This project analyzes sales, customer behavior, and product trends for RetailPulse, an online store that sells products across major Indian cities.
The analysis uses SQL on a SQL database containing one year of sales records (January to December 2025). The data includes 200 customers, 50 products, 1,000 orders, and 15 employees.
Note
- To establish a realistic business scenario, AI assistance was used for developing the synthetic data scripts, generating ER diagram and refining SQL query comments for a better presentation.
- All analytical logic, SQL query design, insights interpretation and business findings were independently conducted.
| Layer | Tool |
|---|---|
| Database | MySQL / MS SQL Server |
| Query Language | SQL |
| Data Generation | Python 3.x |
| Documentation | Markdown |
The database consists of 6 interrelated tables:
customers ──┐
├──► orders ──┬──► order_items ◄── products
employees ──┘ │
└──► payments
| Table | Rows | Description |
|---|---|---|
customers |
200 | Customer demographics and registration details |
products |
50 | Product catalog across 5 categories |
employees |
15 | Sales team with roles |
orders |
1,000 | Order headers with status tracking |
order_items |
~2,300 | Individual line items per order |
payments |
1,000 | Payment records linked to orders |
The project followed a structured analytical journey:
- Table Design: A set of linked tables was designed to store information without redundancy. This included establishing links between customers, orders, and products.
- Data Creation: Python scripts were used to generate realistic sales data featuring holiday spikes and typical shopping patterns.
- Query Building: Analysis queries were developed to address specific business questions, ranging from simple totals to advanced ranking logic.
- Analysis of Findings: Query results were evaluated in a business context to identify trends and patterns.
- Synthesis: Findings were summarized with actionable suggestions in the insights report.
- Reducing Redundancy: Information was split into distinct tables (such as separating "orders" from "order items") to ensure data is not duplicated.
- Data Integrity: Every order is linked to a valid customer and employee to maintain consistency across the database.
- Performance Filtering: An order "status" field allows for efficient exclusion of canceled or returned orders during revenue calculations.

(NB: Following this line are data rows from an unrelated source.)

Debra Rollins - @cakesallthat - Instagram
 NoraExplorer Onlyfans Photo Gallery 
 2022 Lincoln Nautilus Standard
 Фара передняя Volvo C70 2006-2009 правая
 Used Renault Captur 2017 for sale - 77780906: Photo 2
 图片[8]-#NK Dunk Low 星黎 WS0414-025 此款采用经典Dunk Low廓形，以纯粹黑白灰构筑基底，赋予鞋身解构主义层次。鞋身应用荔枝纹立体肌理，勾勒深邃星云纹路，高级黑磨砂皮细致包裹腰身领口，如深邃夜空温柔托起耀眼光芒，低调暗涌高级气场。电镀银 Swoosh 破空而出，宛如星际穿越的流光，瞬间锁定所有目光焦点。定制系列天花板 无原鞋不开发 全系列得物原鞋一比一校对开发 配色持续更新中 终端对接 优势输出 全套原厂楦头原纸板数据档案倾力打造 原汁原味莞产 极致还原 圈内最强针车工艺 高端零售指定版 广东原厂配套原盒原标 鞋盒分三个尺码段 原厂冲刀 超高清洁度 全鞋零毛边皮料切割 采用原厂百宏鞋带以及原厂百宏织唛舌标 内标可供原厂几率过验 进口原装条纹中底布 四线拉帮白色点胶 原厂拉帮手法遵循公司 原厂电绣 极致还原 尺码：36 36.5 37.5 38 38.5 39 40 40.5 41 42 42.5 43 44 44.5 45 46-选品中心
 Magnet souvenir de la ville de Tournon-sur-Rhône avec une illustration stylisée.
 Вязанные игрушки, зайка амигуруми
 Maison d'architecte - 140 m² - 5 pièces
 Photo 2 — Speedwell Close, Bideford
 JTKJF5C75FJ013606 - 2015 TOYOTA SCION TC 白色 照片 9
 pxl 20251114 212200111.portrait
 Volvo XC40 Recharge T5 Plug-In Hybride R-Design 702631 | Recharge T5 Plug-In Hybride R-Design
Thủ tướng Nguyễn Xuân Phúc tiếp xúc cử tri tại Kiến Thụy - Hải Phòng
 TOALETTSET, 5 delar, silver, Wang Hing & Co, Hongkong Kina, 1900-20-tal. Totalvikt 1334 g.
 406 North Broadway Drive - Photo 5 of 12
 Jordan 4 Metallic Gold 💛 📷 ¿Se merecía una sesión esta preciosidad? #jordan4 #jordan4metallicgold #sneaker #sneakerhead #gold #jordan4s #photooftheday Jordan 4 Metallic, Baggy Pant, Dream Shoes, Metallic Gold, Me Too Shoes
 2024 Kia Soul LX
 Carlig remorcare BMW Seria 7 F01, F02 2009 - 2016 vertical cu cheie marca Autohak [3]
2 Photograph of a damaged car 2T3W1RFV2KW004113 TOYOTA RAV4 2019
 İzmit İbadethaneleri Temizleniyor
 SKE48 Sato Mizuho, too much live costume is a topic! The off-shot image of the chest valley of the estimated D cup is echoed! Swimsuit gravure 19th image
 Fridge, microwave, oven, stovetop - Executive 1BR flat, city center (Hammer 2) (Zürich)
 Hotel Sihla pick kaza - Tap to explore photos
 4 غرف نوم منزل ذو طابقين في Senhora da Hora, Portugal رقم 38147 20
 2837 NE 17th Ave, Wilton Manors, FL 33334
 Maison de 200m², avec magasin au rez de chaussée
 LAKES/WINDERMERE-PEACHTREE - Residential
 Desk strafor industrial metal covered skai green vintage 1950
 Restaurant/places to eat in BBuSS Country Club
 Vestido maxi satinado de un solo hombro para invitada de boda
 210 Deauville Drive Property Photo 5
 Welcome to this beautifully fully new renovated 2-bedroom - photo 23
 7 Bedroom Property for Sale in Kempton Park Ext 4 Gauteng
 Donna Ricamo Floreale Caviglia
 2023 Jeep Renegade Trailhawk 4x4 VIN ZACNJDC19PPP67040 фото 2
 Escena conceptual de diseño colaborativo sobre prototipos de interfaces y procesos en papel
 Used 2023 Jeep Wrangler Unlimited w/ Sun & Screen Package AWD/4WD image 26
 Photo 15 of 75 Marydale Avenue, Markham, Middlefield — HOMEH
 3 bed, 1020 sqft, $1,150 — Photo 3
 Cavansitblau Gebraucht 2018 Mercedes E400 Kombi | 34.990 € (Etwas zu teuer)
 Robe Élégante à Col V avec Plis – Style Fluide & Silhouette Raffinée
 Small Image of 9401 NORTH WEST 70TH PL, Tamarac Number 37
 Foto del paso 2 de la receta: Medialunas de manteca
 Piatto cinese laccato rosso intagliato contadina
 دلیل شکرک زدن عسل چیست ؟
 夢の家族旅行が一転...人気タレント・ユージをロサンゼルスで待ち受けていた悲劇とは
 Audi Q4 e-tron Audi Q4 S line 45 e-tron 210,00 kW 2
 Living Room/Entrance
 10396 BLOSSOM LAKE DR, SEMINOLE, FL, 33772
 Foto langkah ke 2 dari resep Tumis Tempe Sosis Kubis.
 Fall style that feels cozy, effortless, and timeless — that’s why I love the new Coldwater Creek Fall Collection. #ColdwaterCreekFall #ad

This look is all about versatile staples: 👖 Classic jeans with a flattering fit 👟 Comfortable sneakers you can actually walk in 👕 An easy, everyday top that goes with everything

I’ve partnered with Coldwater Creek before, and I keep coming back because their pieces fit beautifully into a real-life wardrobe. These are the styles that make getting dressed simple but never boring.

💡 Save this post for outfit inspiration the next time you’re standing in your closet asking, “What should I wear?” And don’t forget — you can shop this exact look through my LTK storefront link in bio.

- Pre-calculated Fields: A total price for each item was included to simplify query logic and improve performance.
RetailPulse/
├── README.md
├── goal.md
├── dataset/ ← CSV source files
├── scripts/ ← Python scripts for data generation
├── schema/ ← DDL and INSERT scripts
│ ├── create_tables.sql
│ └── insert_data.sql
├── sql_queries/ ← analysis queries
├── analysis/ ← Reports and findings
│ ├── business_findings.md
│ └── insights_summary.md
└── assets/
└── er_diagram.png
| # | Query | Business Question |
|---|---|---|
| 01 | Total Sales | Total revenue from completed orders |
| 02 | Top Selling Products | Top 10 products by quantity |
| 03 | Customers With No Orders | Registered customers who never ordered |
| 04 | Monthly Revenue Trend | Month-over-month revenue for 2025 |
| 05 | Best Performing Category | Highest-revenue product category |
| 06 | Repeat Customers | Customers with more than one order |
| 07 | Employee Performance | Sales reps ranked by revenue handled |
| 08 | Running Total Sales | Cumulative daily revenue |
| 09 | Rank Top Customers | Top 5 spenders by total value |
| 10 | Products Never Purchased | Catalog items with zero sales |
| 11 | Average Order Value | Mean, min, and max order totals |
| 12 | Customer Retention | Re-orders within 90 days |
| 13 | Sales by City | Revenue by customer location |
| 14 | High Value Orders | Orders exceeding ₹10,000 |
| 15 | Revenue by Payment Method | Revenue breakdown by payment type |
-- 1. Create the database
CREATE DATABASE retailpulse;
USE retailpulse;
-- 2. Run the schema script
SOURCE schema/create_tables.sql;
-- 3. Load the data
SOURCE schema/insert_data.sql;
-- 4. Run any query from sql_queries/
SOURCE sql_queries/01_find_total_sales.sql;-- 1. Create the database
CREATE DATABASE RetailPulse;
GO
USE RetailPulse;
GO
-- 2. Run create_tables.sql via SSMS or sqlcmd
-- 3. Run insert_data.sql
-- 4. Execute queries (use the MS SQL variant comments where noted)A summary of the business insights derived from the analysis is available in:
analysis/business_findings.md: Query-by-query resultsanalysis/insights_summary.md: Executive summary with recommendations
This project is open source and available for educational purposes.